_Directions_
Would you please set down the data again exactly as given, excluding the pictures?

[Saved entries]
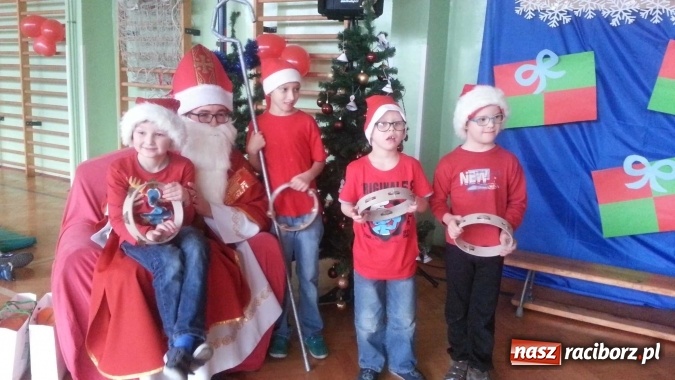 Zdjęcie w galerii na portalu naszraciborz.pl: Mikołajkowy poniedziałek w Zespole Szkół Specjalnych w Raciborzu wiadomości z regionu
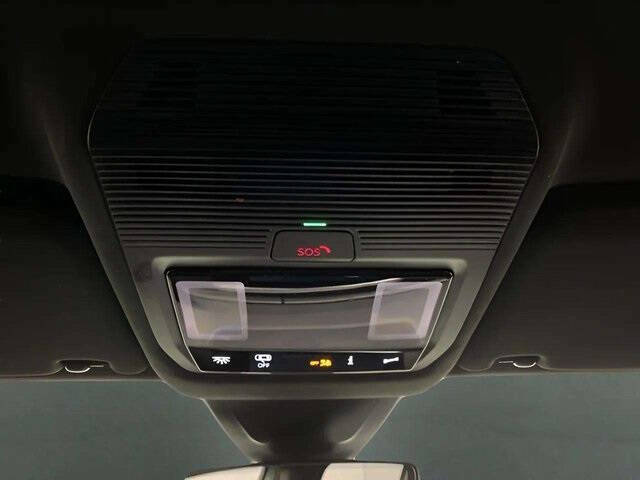 2025 Volkswagen Atlas Cross Sport SE 4Motion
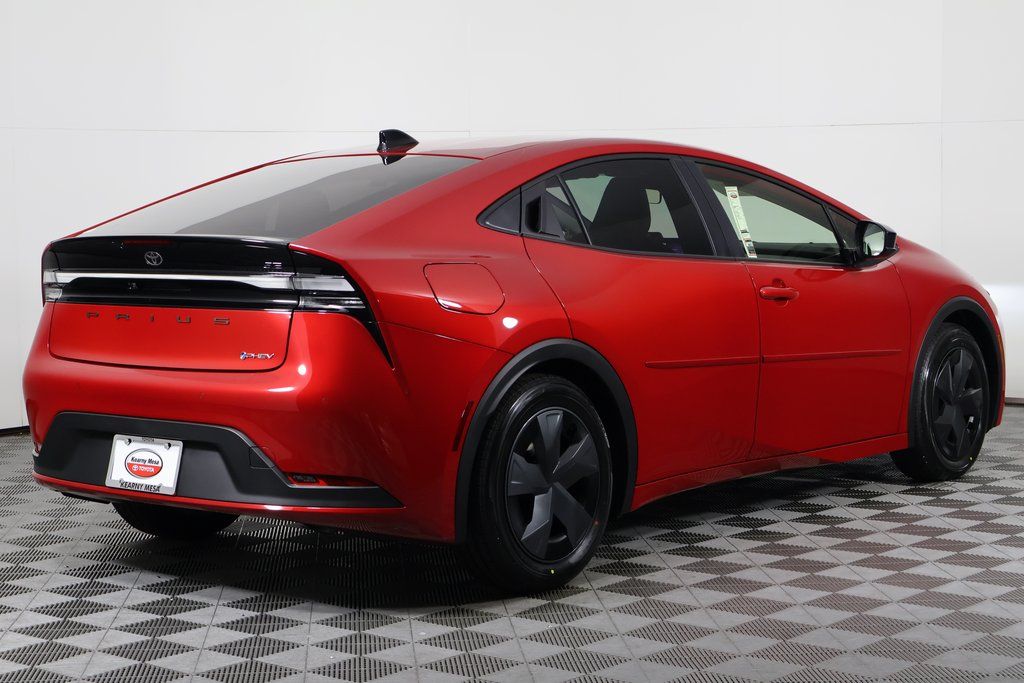 Thumbnail: 2026 Toyota Prius - 2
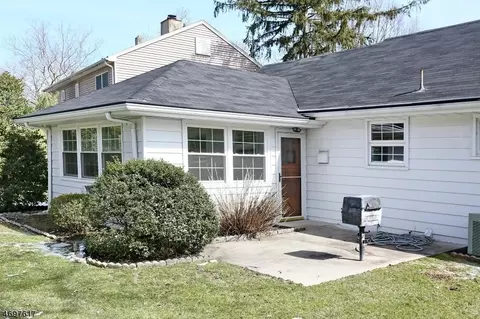759 Galda Rd, Paramus, NJ 07652 photo 23
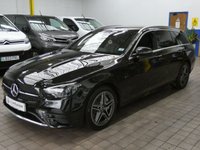 USED 2020 70 MERCEDES-BENZ E-CLASS 2.0 E300de 13.5kWh AMG Line Estate 5dr Diesel Plug-in Hybrid G-Tronic+ Euro 6 (s/s) (306 ps) SAT NAV HEATED LEATHER SEATS REAR VIEW CAMERA CRUISE CONTROL PARKING SENSORS 1 OWNER SERVICE HISTORY WARRANTY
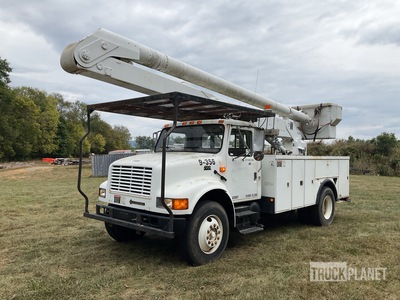 2000 Altec AA600 51 ft on 2001 International 4700 4x2 Bucket Truck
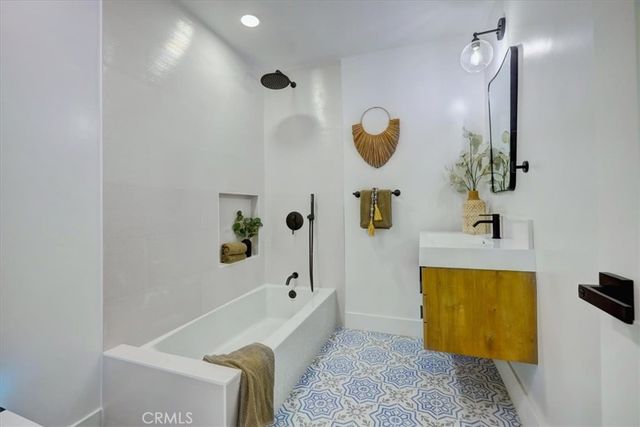 3738 Gondar, Long Beach, CA 90808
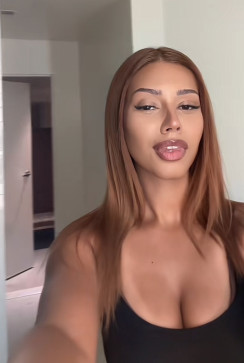 Sarah, 33, United States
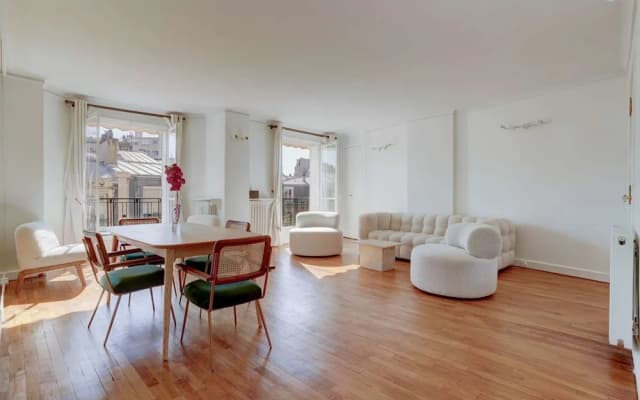 Passy Glow 2BR Home in the 16th Arrondissement - photo 2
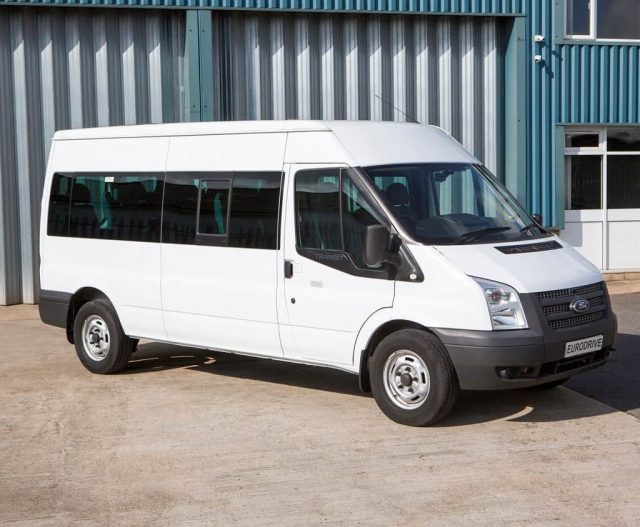 How To Get Luton Minibus Hire |  Minibus Express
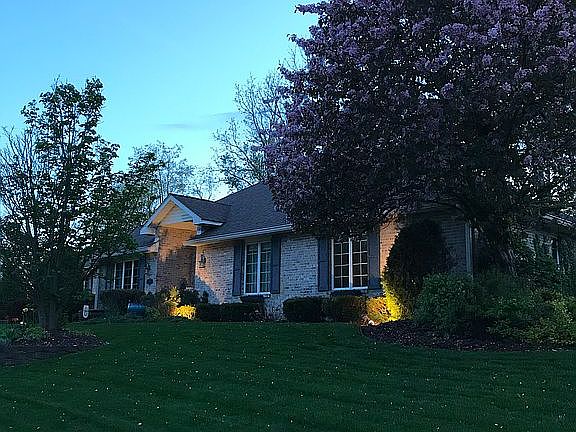 3rd image of 286 Woody Dr
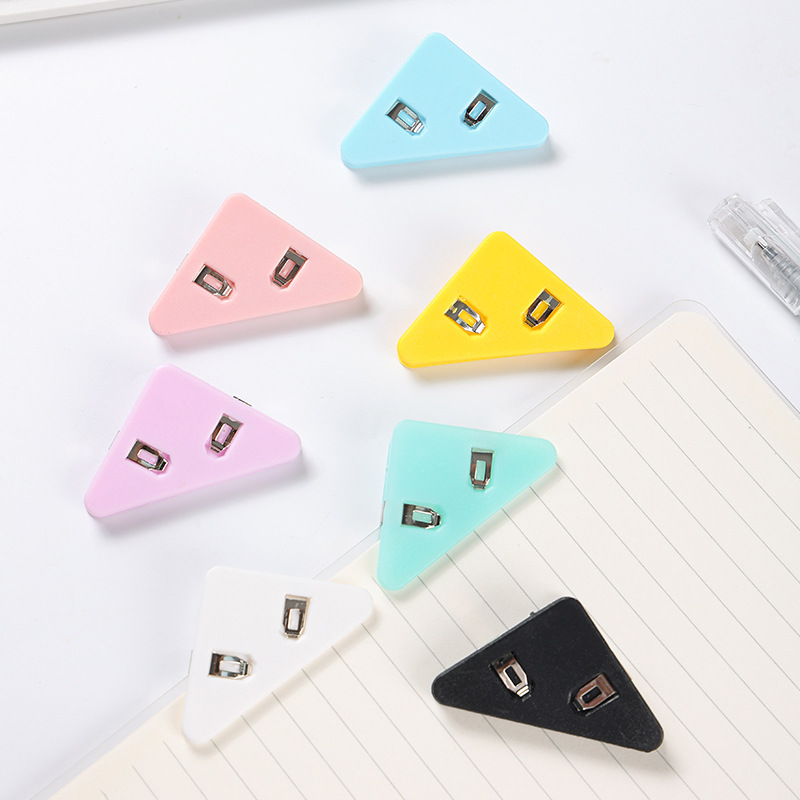 Triangle Paperclips - Bookmark - Corner Clips - Paper Clamps - Desk Accessories - School Supplies - Document Organizer - Bookmark - Office Supplies - Note Clips - Study Supplies - Reading Accessories - Assorted Colors - Pack of 7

_Reply_
 Zdjęcie w galerii na portalu naszraciborz.pl: Mikołajkowy poniedziałek w Zespole Szkół Specjalnych w Raciborzu wiadomości z regionu
 2025 Volkswagen Atlas Cross Sport SE 4Motion
 Thumbnail: 2026 Toyota Prius - 2
759 Galda Rd, Paramus, NJ 07652 photo 23
 USED 2020 70 MERCEDES-BENZ E-CLASS 2.0 E300de 13.5kWh AMG Line Estate 5dr Diesel Plug-in Hybrid G-Tronic+ Euro 6 (s/s) (306 ps) SAT NAV HEATED LEATHER SEATS REAR VIEW CAMERA CRUISE CONTROL PARKING SENSORS 1 OWNER SERVICE HISTORY WARRANTY
 2000 Altec AA600 51 ft on 2001 International 4700 4x2 Bucket Truck
 3738 Gondar, Long Beach, CA 90808
 Sarah, 33, United States
 Passy Glow 2BR Home in the 16th Arrondissement - photo 2
 How To Get Luton Minibus Hire |  Minibus Express
 3rd image of 286 Woody Dr
 Triangle Paperclips - Bookmark - Corner Clips - Paper Clamps - Desk Accessories - School Supplies - Document Organizer - Bookmark - Office Supplies - Note Clips - Study Supplies - Reading Accessories - Assorted Colors - Pack of 7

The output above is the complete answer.